_EXERCISE GOAL_
The entries below contain pictures, which are to be left out; write out exactly, and only, the lines from the line with "Wysoka moc 1465" up to and including the line with "Appartement à louer".

[GIVEN DATA — start]

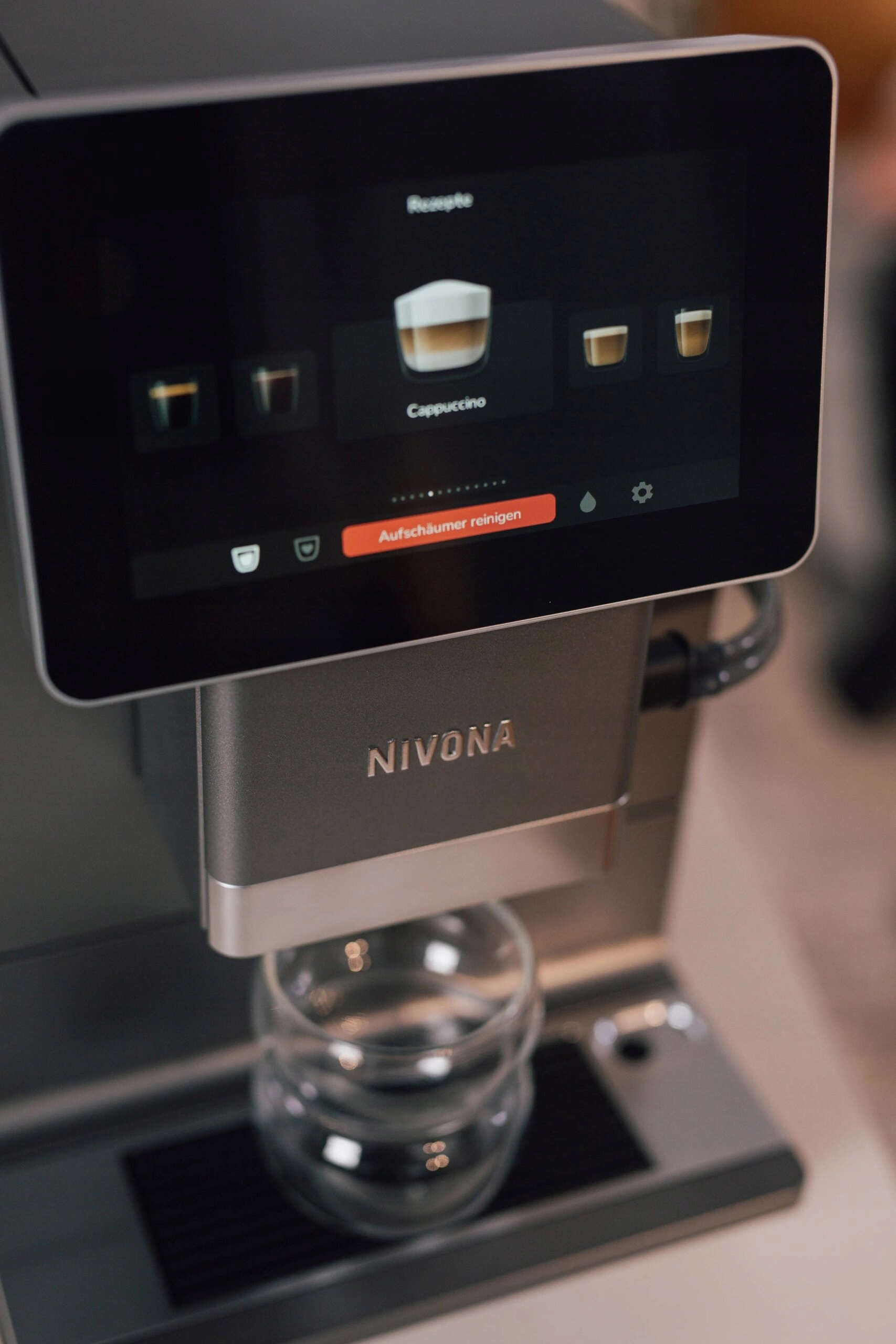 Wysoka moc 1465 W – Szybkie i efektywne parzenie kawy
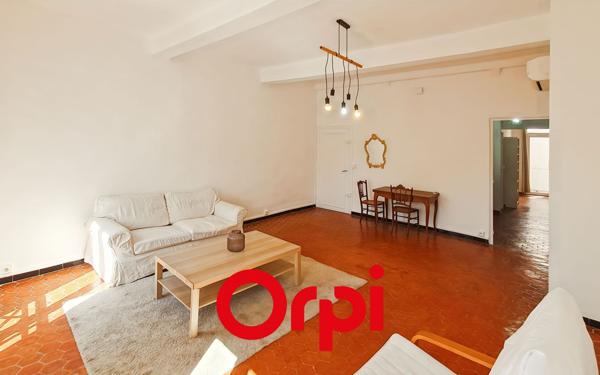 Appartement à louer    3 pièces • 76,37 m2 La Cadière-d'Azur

[GIVEN DATA — finish]
[GIVEN DATA — start]

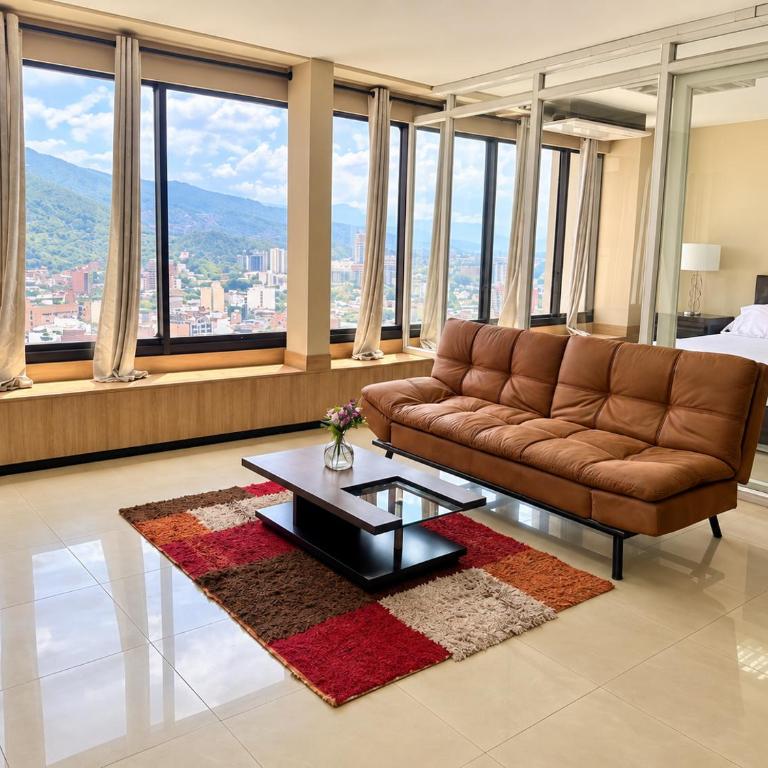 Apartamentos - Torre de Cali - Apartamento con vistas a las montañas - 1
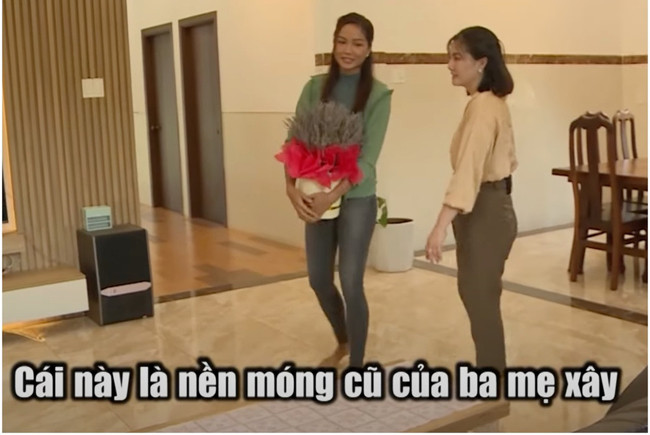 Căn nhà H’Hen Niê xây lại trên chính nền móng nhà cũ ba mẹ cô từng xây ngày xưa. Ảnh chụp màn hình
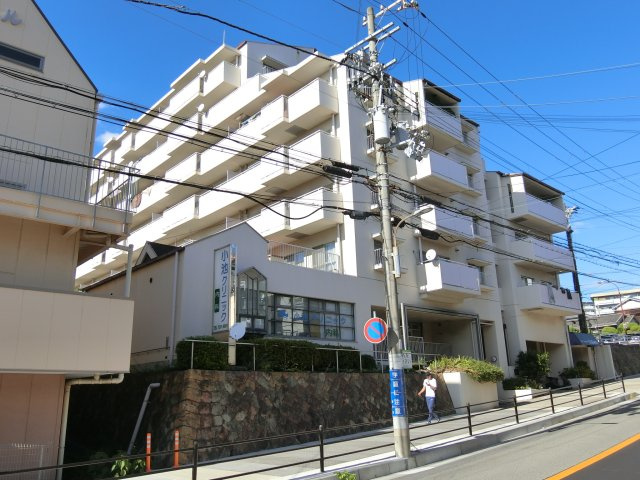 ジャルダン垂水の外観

[GIVEN DATA — finish]

_SOLUTION BELOW_
 Wysoka moc 1465 W – Szybkie i efektywne parzenie kawy
 Appartement à louer    3 pièces • 76,37 m2 La Cadière-d'Azur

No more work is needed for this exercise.